Recognition: 2 theorem links
· Lean TheoremSelf-Preference Bias in LLM-as-a-Judge
Pith reviewed 2026-05-15 14:41 UTC · model grok-4.3
The pith
LLMs as judges give higher scores to low-perplexity outputs than humans, even for non-self-generated text.
A machine-rendered reading of the paper's core claim, the machinery that carries it, and where it could break.
Core claim
LLMs exhibit self-preference bias by assigning higher evaluations to outputs with lower perplexity than human evaluators, and this pattern holds regardless of whether the outputs were self-generated. The bias therefore arises because LLMs prefer texts that are more familiar to them, as measured by perplexity.
What carries the argument
Quantitative metric for self-preference bias and analysis of its correlation with output perplexity.
If this is right
- LLM evaluators promote styles and policies intrinsic to the models.
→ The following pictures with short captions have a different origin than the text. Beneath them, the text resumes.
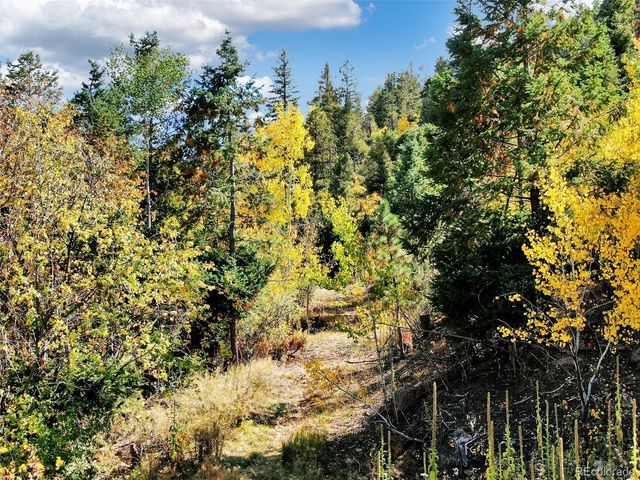 5265 Kulsa Road, Cascade, CO 80809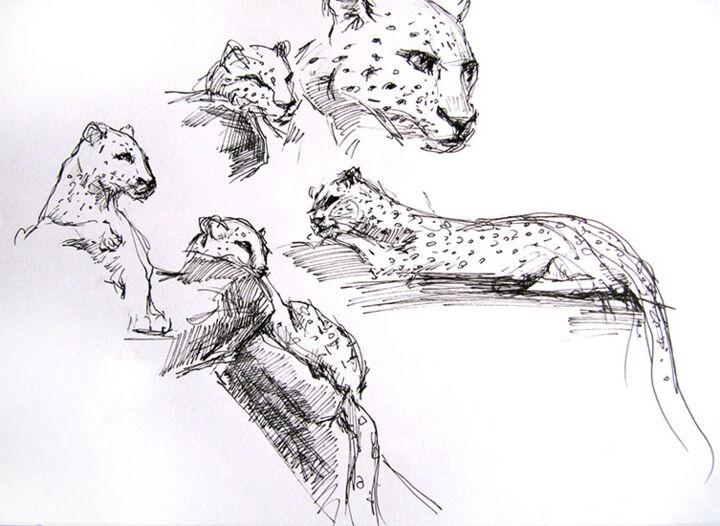 Drawing titled "Paris - Zoo de la M…" by Sylvia Baldeva, Original Artwork, Marker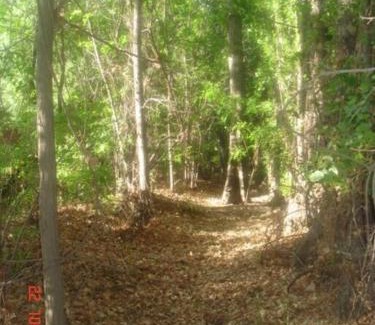 Rama Caida House | CABAÑA CHIC Finca San Miguel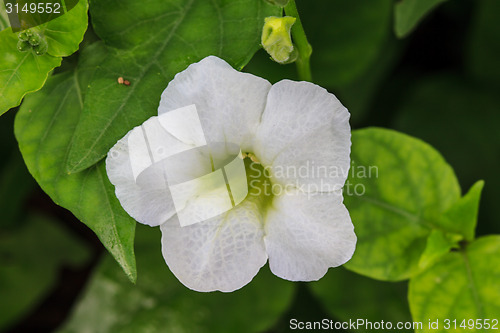 Image of beautiful wild flower in forest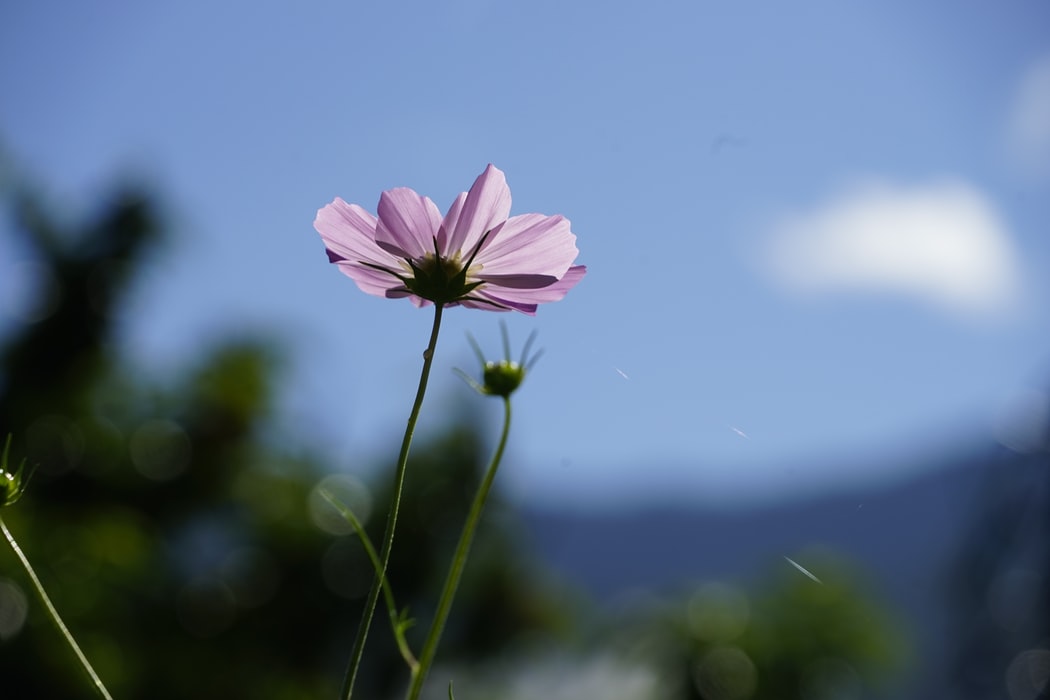 flor rosa
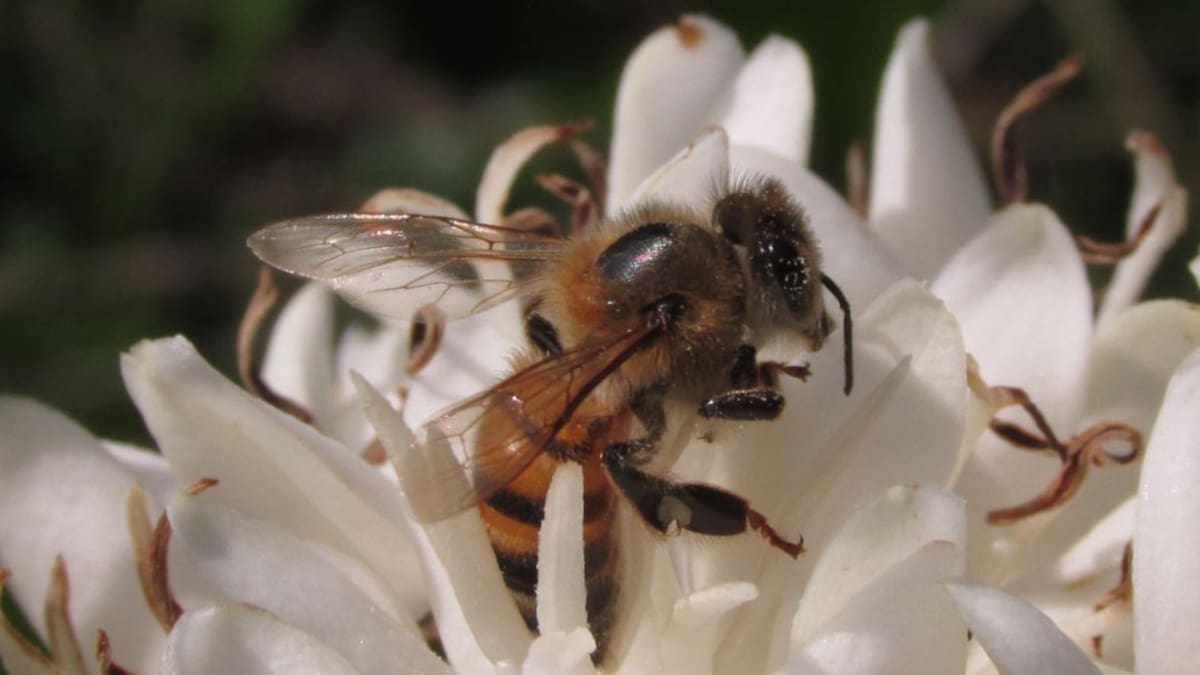 Noventa especies de abejas frecuentan los cultivos de café en Colombia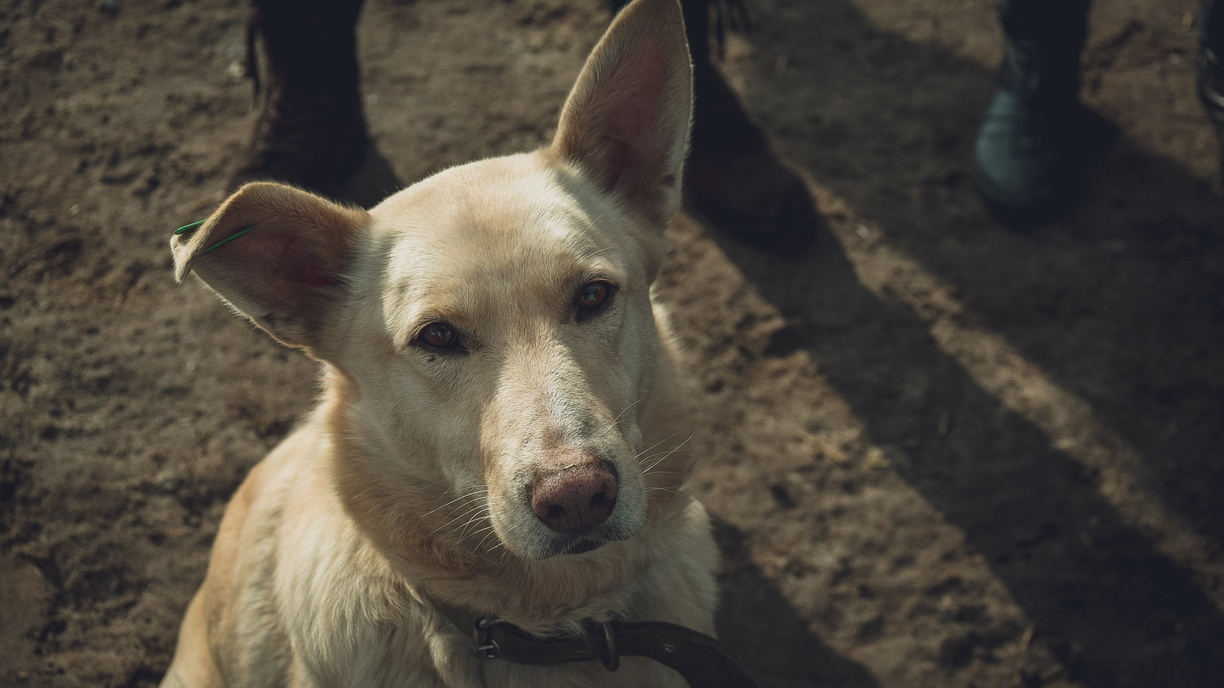 Уличные алабаи: почему на Ставрополье стали выбрасывать породистых собак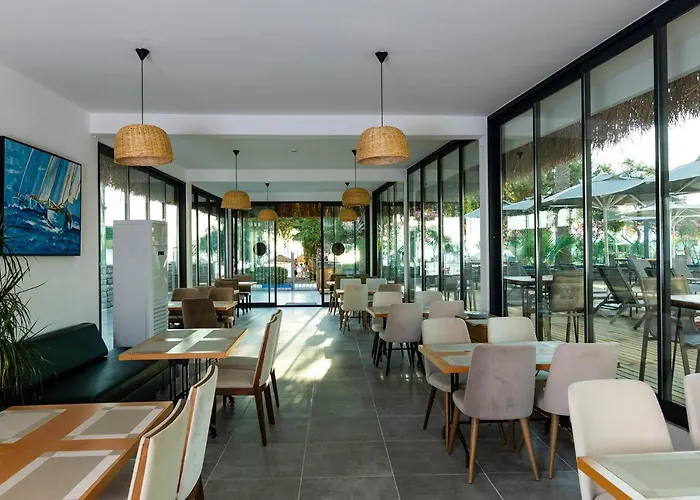 Anemon Kent 特拉布宗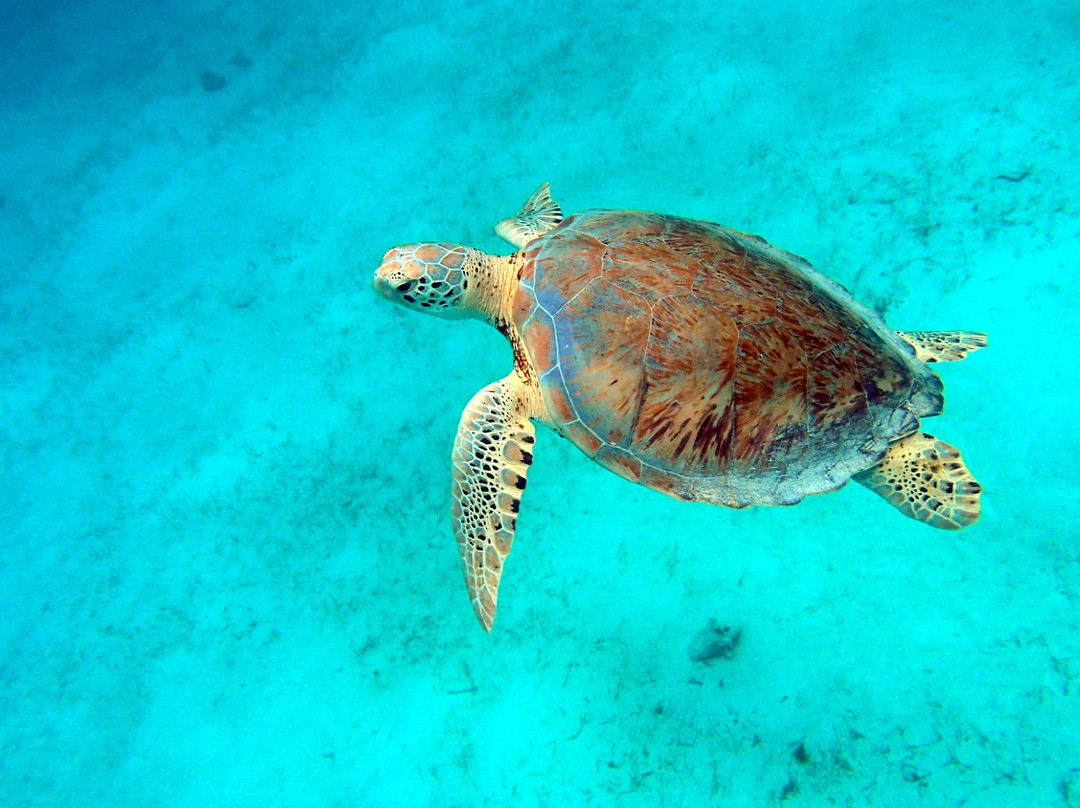 Location Voilier Guadeloupe-Saint Francois必去景点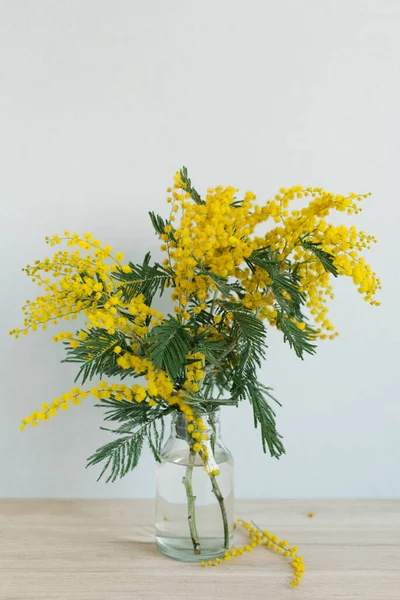 Ramo Mimosa Jarrón Sobre Fondo Pared Azul Flores Amarillas Primavera — Foto de Stock
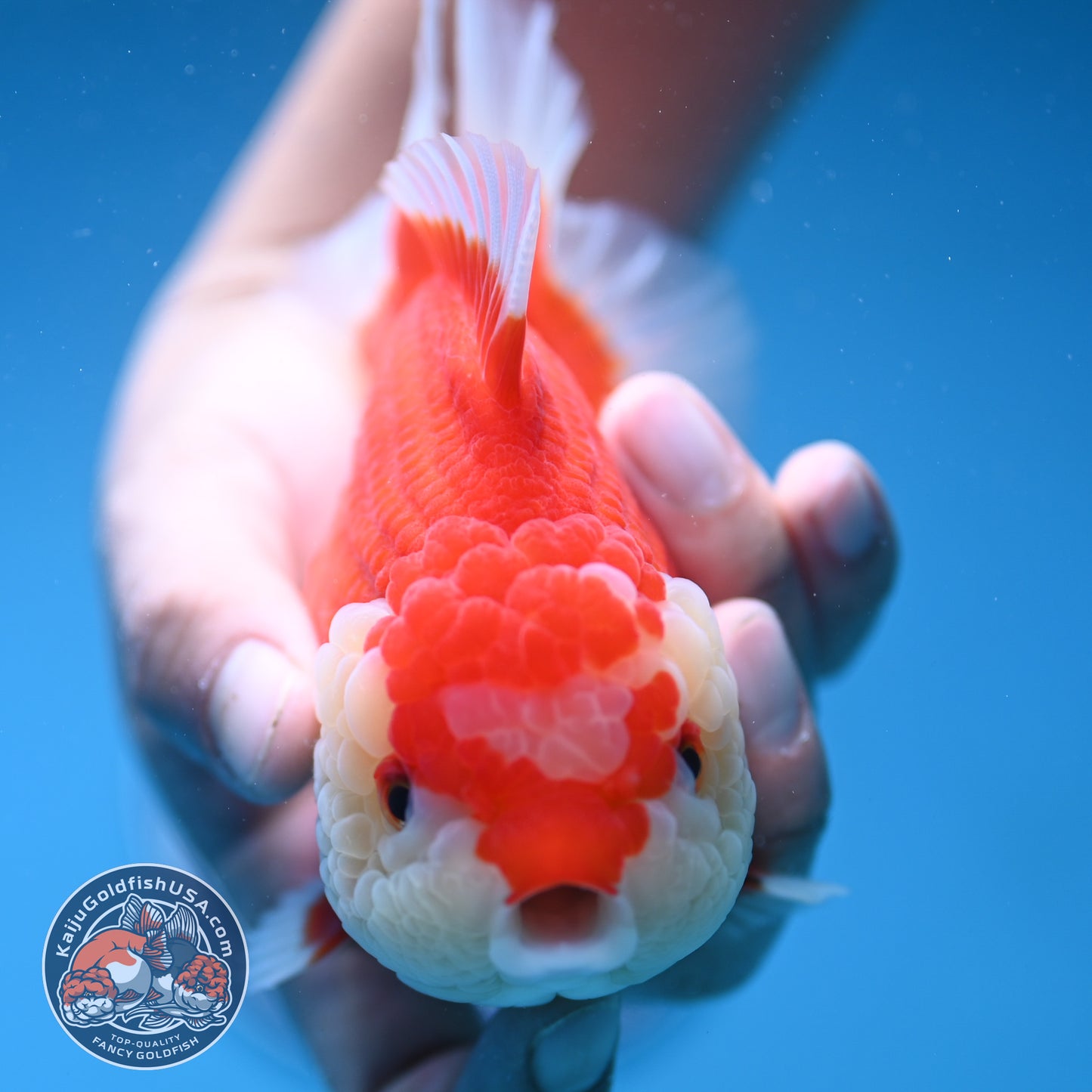 Red White Oranda 4 inch Body (250912_OR16)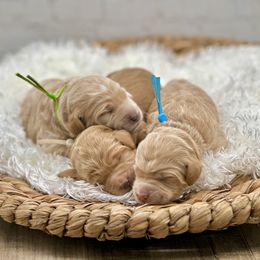 Bernedoodle and Goldendoodle Puppies from Draper Doodles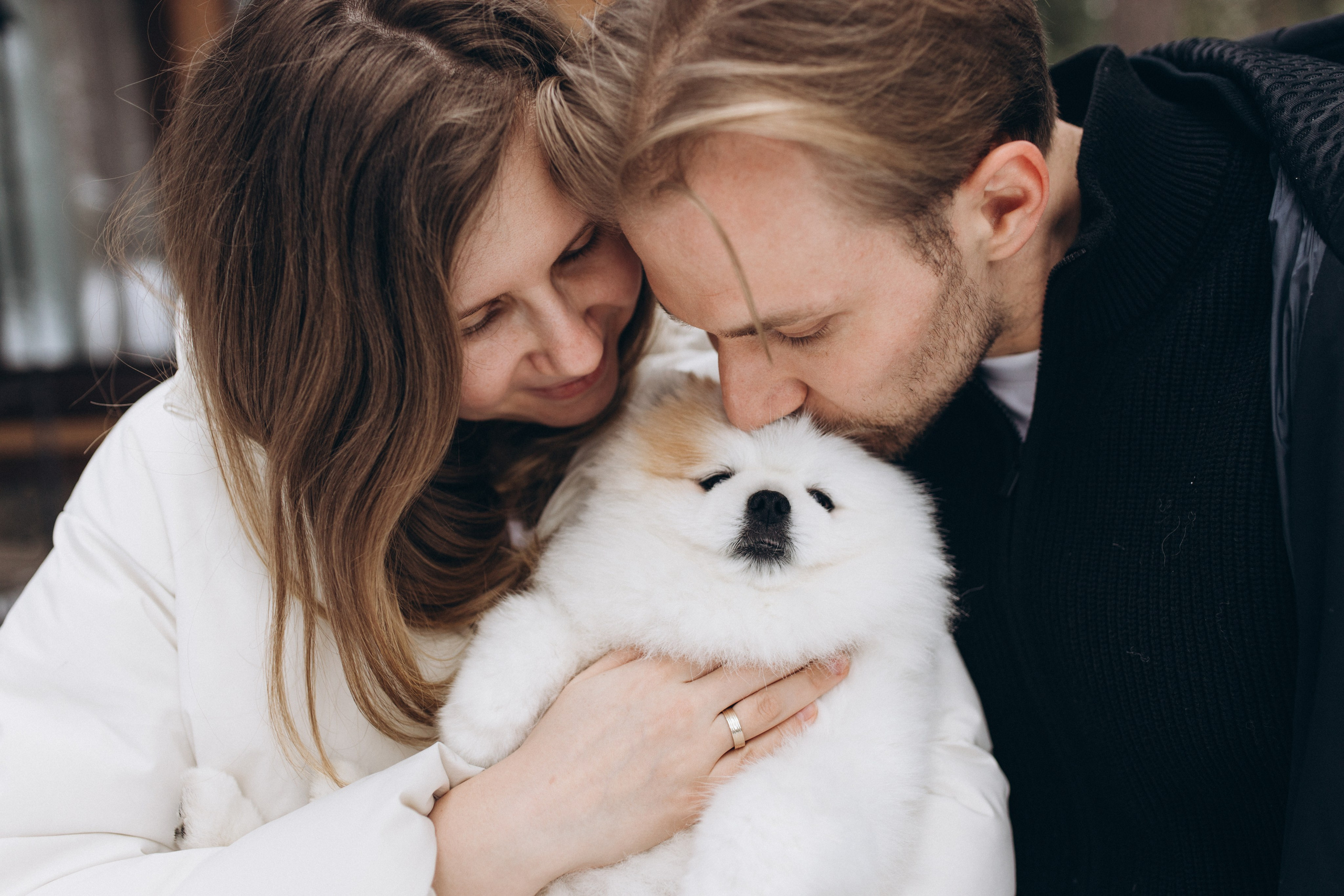 Коттедж и лес. Фотосервис курорта «Охта Парк­­­»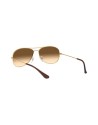 Occhiali da sole Uomo Ray Ban 3362 001/51 – Ottica Ricci Shop Online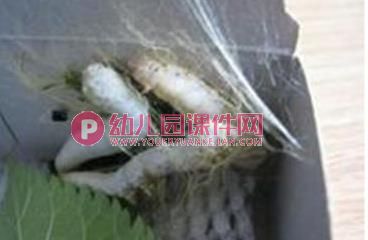 中班科学课件PPT《可爱的蚕》PPT课件图片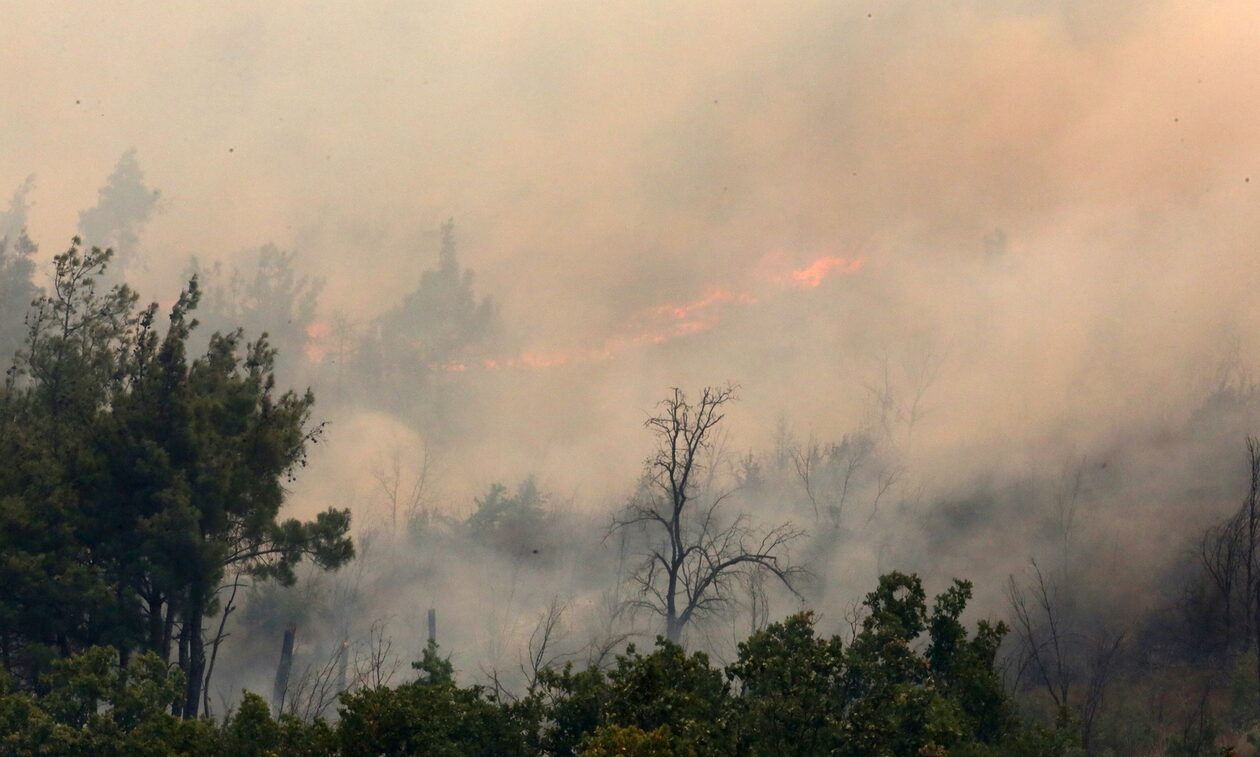 Φωτιά στον Έβρο: Μαίνεται η μάχη με τις αναζωπυρώσεις - Στην περιοχή κυβερνητικό κλιμάκιο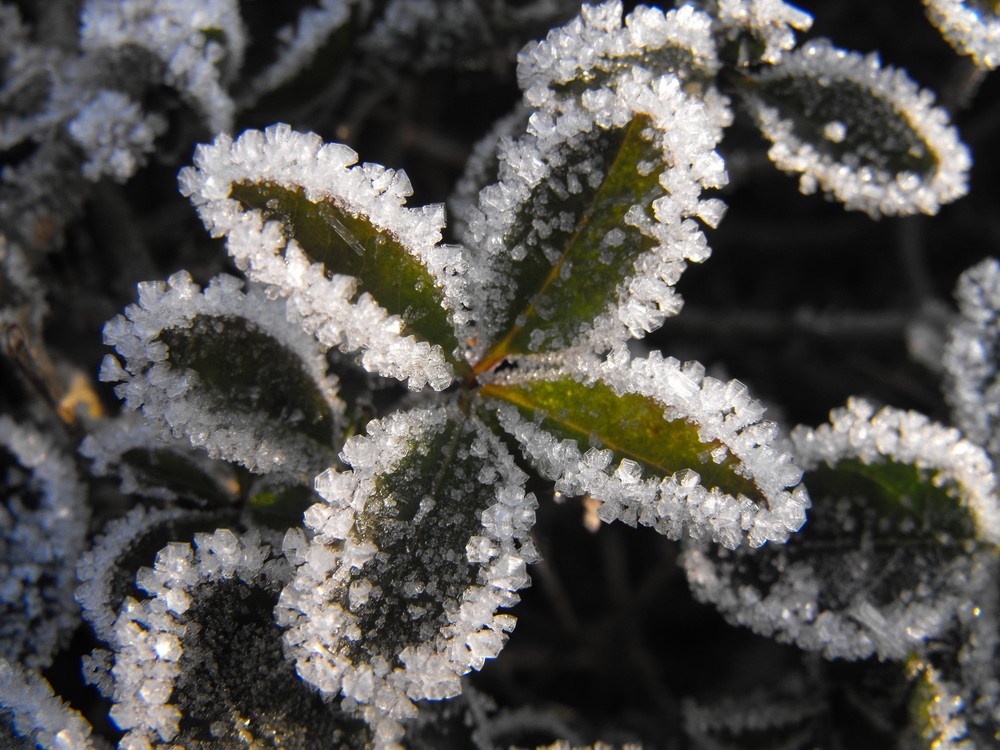 Letzter Raureif am Morgen 2008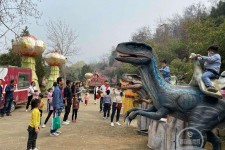 扬州中国伴游带你打卡网红南山竹海(南山竹海网上预约)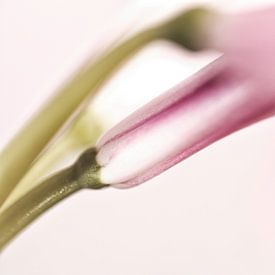 Roze nerine bloem deels in knop van Tot Kijk Fotografie: natuur aan de muur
- Automated evaluation of dialogue systems risks systematic skew toward familiar text.
- The bias is driven by perplexity preference rather than explicit self-recognition.
- New metric enables quantitative tracking of this effect across models and tasks.
Where Pith is reading between the lines
- Evaluations could be adjusted by normalizing for perplexity to better match human judgments.
- The same mechanism may appear in other applications where LLMs assess text quality.
- Training LLMs on more diverse perplexity levels might lessen the bias in judging.
Load-bearing premise
The introduced metric isolates self-preference bias from confounding factors in LLM judgments.
What would settle it
If LLMs and humans assign evaluations to low-perplexity outputs at the same rate, the claim that LLMs exhibit a distinct bias tied to perplexity would be falsified.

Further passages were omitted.